Russia's natural gas firms - primarily Gazprom - are suffering financially because of measures that let domestic users pay a fraction of the price Russia's foreign customers pay. In the past decade, the Kremlin has permitted Gazprom to increase its price by 14 to 25% a year. This gradual increase has prevented a massive backlash from natural gas consumers in Russia because it has been accompanied by improving economic standards in the country. However, Gazprom says this increase is insufficient.
The Russian government is trying to reduce the energy subsidies to domestic consumers without creating a political backlash. At the same time it wants to use energy supplies to Europe as a tool to exercise control over foreign policy. Putin and his government claim to be prepared to face economic sanctions from the west and to absorb the domestic economic shocks that they would likely create. If they attempt to curtail energy exports as a means of retaliation that would add more pressure to accelerate the increases in domestic gas prices.
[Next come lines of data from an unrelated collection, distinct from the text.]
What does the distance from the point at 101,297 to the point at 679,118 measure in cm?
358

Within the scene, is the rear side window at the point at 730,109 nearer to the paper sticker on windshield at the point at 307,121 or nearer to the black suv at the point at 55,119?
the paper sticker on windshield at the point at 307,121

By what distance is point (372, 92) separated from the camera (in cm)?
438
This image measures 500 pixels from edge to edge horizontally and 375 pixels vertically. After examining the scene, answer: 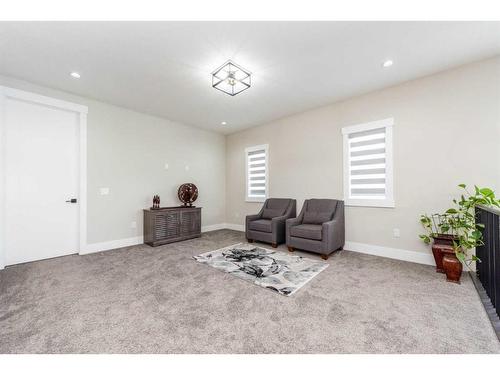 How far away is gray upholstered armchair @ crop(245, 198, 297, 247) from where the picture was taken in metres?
3.88

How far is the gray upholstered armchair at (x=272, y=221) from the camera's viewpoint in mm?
3877

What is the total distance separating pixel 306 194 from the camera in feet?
14.1

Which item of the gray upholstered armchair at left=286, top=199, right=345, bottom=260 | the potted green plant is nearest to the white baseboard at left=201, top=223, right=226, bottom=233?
the gray upholstered armchair at left=286, top=199, right=345, bottom=260

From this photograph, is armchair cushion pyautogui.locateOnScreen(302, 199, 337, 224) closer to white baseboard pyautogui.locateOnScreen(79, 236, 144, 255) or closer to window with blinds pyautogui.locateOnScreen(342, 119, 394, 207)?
window with blinds pyautogui.locateOnScreen(342, 119, 394, 207)

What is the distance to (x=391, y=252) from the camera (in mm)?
3238

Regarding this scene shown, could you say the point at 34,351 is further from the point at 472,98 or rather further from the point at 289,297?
the point at 472,98

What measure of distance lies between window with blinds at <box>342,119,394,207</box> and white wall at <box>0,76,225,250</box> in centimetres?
348

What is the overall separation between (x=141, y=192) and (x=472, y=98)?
18.2 ft

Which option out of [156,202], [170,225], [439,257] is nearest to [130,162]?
[156,202]

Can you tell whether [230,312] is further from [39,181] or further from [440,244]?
[39,181]

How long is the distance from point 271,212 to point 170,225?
6.92ft

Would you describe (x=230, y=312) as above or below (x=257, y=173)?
below

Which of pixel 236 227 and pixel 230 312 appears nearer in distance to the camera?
pixel 230 312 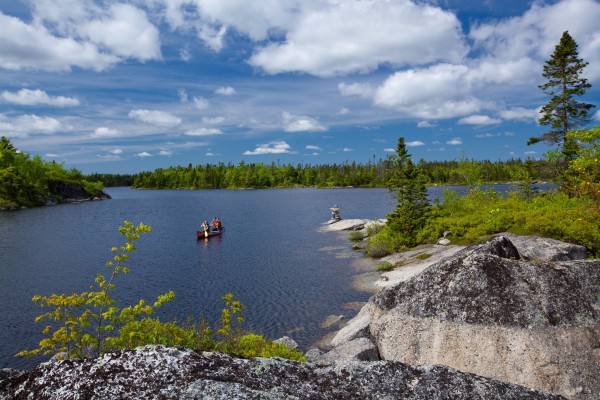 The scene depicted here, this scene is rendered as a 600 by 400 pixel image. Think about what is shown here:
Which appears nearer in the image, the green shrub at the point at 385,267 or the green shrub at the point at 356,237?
the green shrub at the point at 385,267

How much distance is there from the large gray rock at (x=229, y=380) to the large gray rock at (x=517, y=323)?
632 cm

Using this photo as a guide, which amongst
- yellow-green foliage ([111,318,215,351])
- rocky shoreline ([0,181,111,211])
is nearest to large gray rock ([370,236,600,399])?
yellow-green foliage ([111,318,215,351])

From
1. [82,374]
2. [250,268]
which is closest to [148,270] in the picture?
[250,268]

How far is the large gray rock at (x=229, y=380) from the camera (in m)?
3.85

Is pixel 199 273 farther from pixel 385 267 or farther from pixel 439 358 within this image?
pixel 439 358

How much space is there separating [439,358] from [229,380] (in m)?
8.41

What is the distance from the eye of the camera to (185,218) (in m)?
91.3

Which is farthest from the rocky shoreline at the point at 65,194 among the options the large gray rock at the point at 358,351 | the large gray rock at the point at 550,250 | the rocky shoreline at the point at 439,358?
the rocky shoreline at the point at 439,358

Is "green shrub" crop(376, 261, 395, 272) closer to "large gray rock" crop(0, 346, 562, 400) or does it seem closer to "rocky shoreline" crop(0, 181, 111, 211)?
"large gray rock" crop(0, 346, 562, 400)

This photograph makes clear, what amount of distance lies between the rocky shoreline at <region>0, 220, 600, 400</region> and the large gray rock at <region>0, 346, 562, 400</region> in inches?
0.4

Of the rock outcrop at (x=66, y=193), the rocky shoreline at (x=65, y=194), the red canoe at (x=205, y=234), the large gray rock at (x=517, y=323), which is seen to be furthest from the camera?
the rock outcrop at (x=66, y=193)

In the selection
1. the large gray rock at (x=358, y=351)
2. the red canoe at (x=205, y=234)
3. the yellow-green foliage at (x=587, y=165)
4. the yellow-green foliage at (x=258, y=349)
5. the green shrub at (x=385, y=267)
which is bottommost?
the red canoe at (x=205, y=234)

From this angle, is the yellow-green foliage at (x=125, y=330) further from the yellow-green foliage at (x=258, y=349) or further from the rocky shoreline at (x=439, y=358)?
the rocky shoreline at (x=439, y=358)

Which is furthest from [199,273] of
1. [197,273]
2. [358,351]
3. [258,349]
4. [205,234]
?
[358,351] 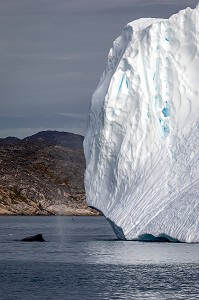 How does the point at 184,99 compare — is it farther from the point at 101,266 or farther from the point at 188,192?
the point at 101,266

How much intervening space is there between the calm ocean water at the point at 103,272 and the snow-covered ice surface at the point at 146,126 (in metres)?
2.30

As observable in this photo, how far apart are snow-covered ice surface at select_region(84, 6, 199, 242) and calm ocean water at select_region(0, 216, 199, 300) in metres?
2.30

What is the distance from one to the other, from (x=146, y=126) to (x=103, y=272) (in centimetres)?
1296

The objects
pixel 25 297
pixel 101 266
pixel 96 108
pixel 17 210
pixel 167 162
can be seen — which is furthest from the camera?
pixel 17 210

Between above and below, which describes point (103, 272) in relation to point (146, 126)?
below

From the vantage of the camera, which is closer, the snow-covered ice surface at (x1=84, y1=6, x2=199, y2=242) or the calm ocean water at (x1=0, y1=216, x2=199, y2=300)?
the calm ocean water at (x1=0, y1=216, x2=199, y2=300)

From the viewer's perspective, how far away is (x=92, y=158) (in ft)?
191

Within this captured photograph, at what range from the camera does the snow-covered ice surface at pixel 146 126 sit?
5459 cm

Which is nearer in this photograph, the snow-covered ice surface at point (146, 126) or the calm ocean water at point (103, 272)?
the calm ocean water at point (103, 272)

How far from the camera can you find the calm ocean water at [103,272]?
129ft

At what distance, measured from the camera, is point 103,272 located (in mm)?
46625

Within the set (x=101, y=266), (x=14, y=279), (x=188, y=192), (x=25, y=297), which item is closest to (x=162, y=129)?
(x=188, y=192)

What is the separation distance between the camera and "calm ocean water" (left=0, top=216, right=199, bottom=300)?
3941cm

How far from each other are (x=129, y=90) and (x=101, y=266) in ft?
41.8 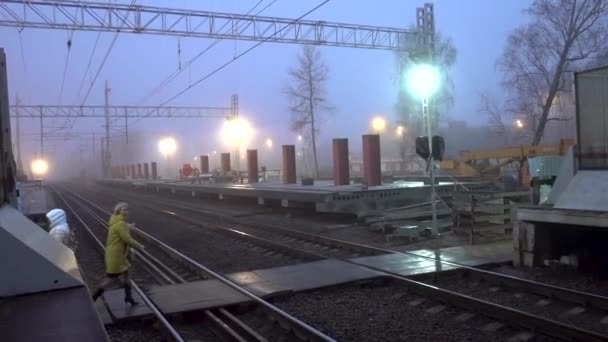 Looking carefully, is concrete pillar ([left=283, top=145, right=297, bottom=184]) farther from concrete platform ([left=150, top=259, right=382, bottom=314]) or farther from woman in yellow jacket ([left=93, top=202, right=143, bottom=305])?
Result: woman in yellow jacket ([left=93, top=202, right=143, bottom=305])

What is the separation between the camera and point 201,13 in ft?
76.2

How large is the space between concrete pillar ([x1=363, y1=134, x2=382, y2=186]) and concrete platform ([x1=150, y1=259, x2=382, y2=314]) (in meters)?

The present incarnation of Russian state capitalism does not appear to be making an effort to reconnect with the socialist past. Their present efforts at "reform" don't look all that different from something that might have been concocted by the IMF. It seems to me that smaller countries lacking in wealth and power like Ukraine face rather dismal prospects in the present world. Whether one is looking at Ukraine, Greece, Sudan, Bolivia or Bangladesh none of them are likely to find a lot in the way of aid and comfort from their more powerful neighbors. The notion that the people of Ukraine would fair better economically by dealing with Russia instead of the EU and IMF doesn't seem to hold up very well. The painful reality seems to be that they are seriously broke and caught between the devil and the deep Balck Sea.